W 2010 r. polskie firmy inwestowały za granicą 4,1 mld EUR, zwiększając skumulowaną kwotę do 29,1 mld EUR. I rząd zauważył, że polskim firmom trzeba pomóc. "Rozpoczynamy pilotażowy program parcia polskich inwestycji za granicą. Zaczynamy od sześciu rynków: Czech, Niemiec, Ukrainy, Francji, Rosji i Wielkiej Brytanii" - zapowiada Sławomir Majman, prezes Polskiej Agencji Informacji i Inwestycji Zagranicznych (PAIIZ).
Mimo że od kilku lat przy ambasadach działają specjalnie dla biznesu powołane Wydziały Promocji Handlu i Inwestycji, to przedsiębiorcy nie mieli za bardzo na kogo liczyć. "Wydziały nie są wyspecjalizowane. My obsługujemy zagranicznych inwestorów w Polsce i wiemy, czego potrzebują polskie firmy za granicą. Polscy inwestorzy zasługują na wsparcie" - uważa Sławomir Majman.
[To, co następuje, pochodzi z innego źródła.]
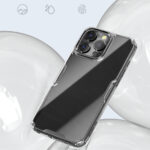 Калъф от Nillkin Nature TPU PRO Cover за Apple iPhone 16 Pro Transparent - Image 12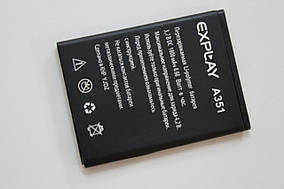 Акумулятор для Explay A351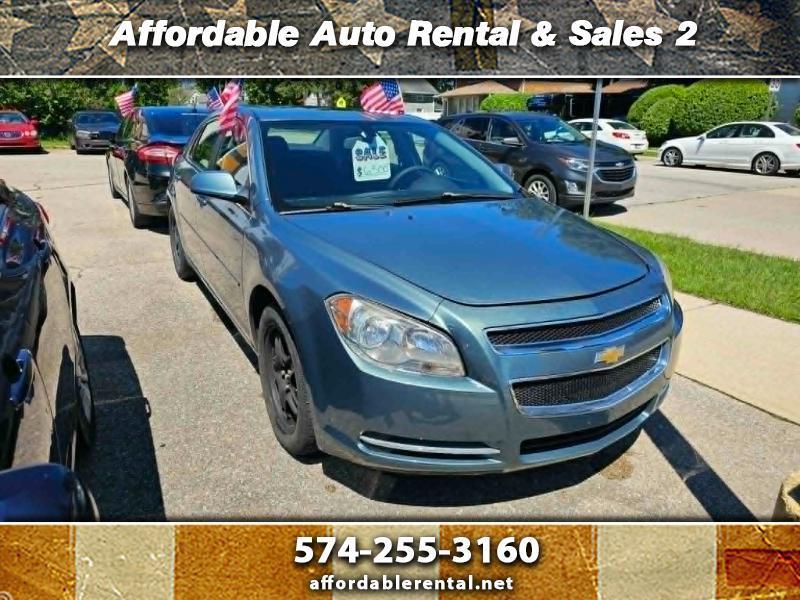 2009 Chevrolet Malibu 1LT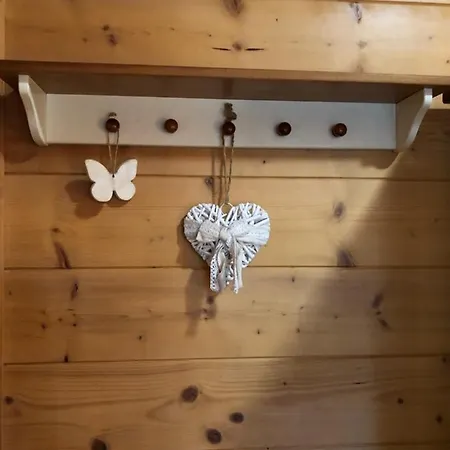 בקתה Laghetti Martina *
Przedsiębiorcy podchodzą do informacji ostrożnie. "To ciekawa inicjatywa, jednakże wszystko będzie zależało od sprawności i skuteczności partnerów PAIIZ, w szczególności w krajach, które jedynie deklaratywnie wspierają inwestycje zagraniczne" - komentuje Stanisław Waśko, wiceprezes Can-Packu, producenta puszek z fabrykami w Polsce, Indiach, Rosji, Zjednoczonych Emiratach Arabskich, Wielkiej Brytanii, Rumunii i na Ukrainie.
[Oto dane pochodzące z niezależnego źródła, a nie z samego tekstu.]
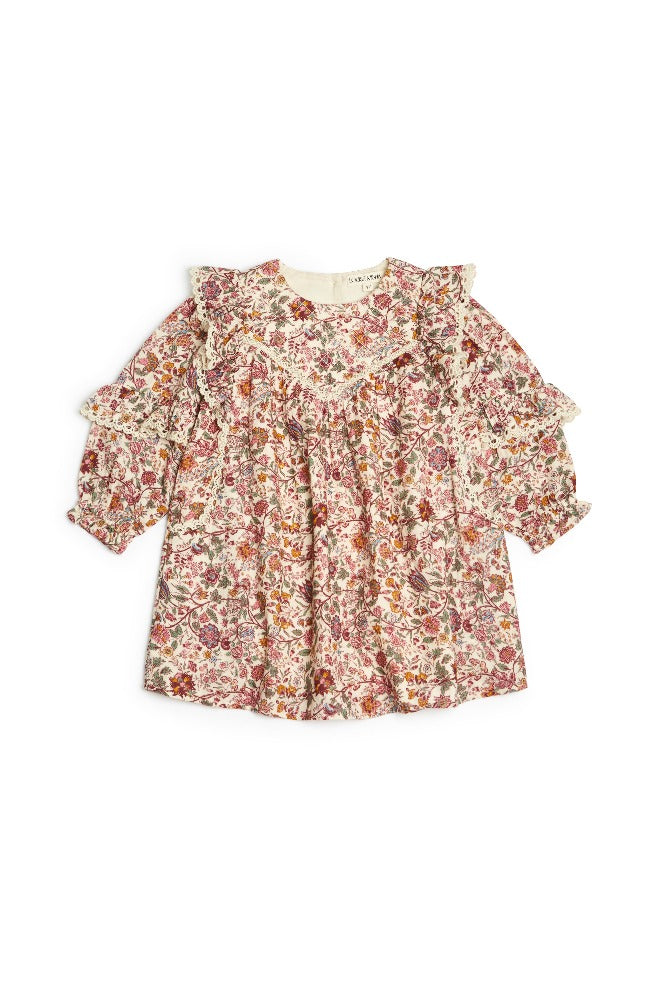 Louise Misha Lara Dress Savage Garden | Dresses & Skirts | Bon Bon Tresor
Na razie pomoc agencji będzie dość symboliczna. Równie symboliczny jest budżet, którym PAIIZ będzie dysponować w tym roku. "W tym tygodniu powinniśmy otrzymać dotację na działania wspierające polskie inwestycje zagraniczne. Wyniesie ona 150 tys. zł" - mówi prezes PAIIZ.